I’m currently working on benchmarking TorchInductor’s optimization impact by selectively disabling various fusion and scheduling passes. So far, I have:
With these changes, I now want to focus specifically on CPP & Tritoncodegen fusions — the ones happening during kernel generation in Inductor after the scheduler.
My goal is to:
Generate one kernel per node/operation (instead of fused multi-op kernels).
Understand how much these codegen-specific fusions contribute to TorchInductor’s overall performance gains, compared to other optimizations like scheduling and inlining.
Questions:
How can I disable codegen fusions entirely so that TorchInductor generates one kernel per node/operation instead of fusing multiple ops? (Are there any flags?)
How much do these codegen-specific fusions contribute to TorchInductor’s overall performance? (Were codegen fusions part of the “fusion” performance speedups reported in the PyTorch 2.0 paper?)
Thanks for the response! I think I may not have framed my question clearly before, so let me clarify.
I’ve already disabled scheduler fusions (e.g., via can_fuse and related heuristics) and also disabled inlining optimizations.
However, I’m noticing that even with scheduler fusions disabled, some generated kernels still contain multiple operations.

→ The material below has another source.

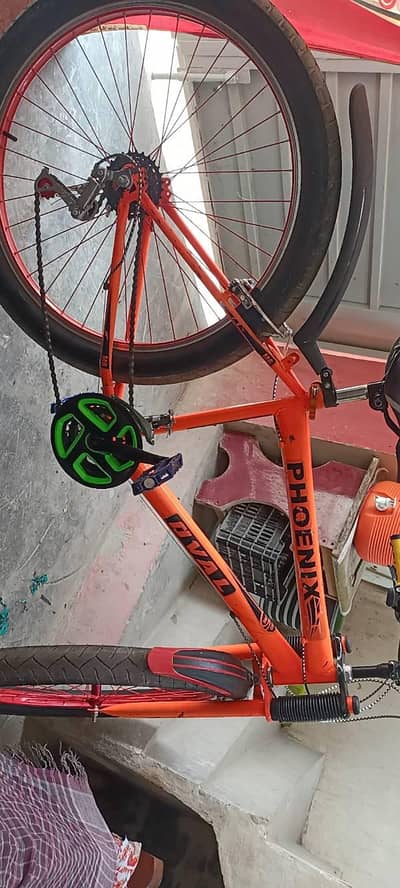 phonix Ovel 21 Gear cycle for sale Toba Tek Singh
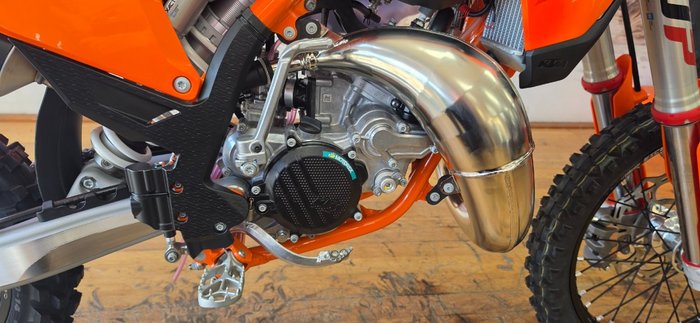 2026 Ktm 85 SX (17/14) Orange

E.g. in the output_code.py file I still see a function called cpp_fused__native_batch_norm_legit_no_training_add_relu_3, this suggests that multiple ops (batch_norm, max_pool2d, relu) are still being fused inside the generated C++ kernel, even though I’ve disabled all scheduler fusions.
I’m trying to quantify the contribution of each optimization stage in TorchInductor — to understand their individual impact on TorchInductor’s performance.
So I wanted to confirm a couple of things:
Are there fusions/optimizations happening in torch/_inductor/codegen/cpp.py or triton.py that are separate from scheduler fusions? Can I get down to one OP per Kernel?
In the PyTorch 2.0 paper, were these potential fusions included when reporting the performance speedups?
If that fixes it then those weren’t fusions, it is just a quirk of how the C++ backend does function boundaries to avoid creating a new omp for blocks. For C++ a fusion would produce a single loop, while that would produce two.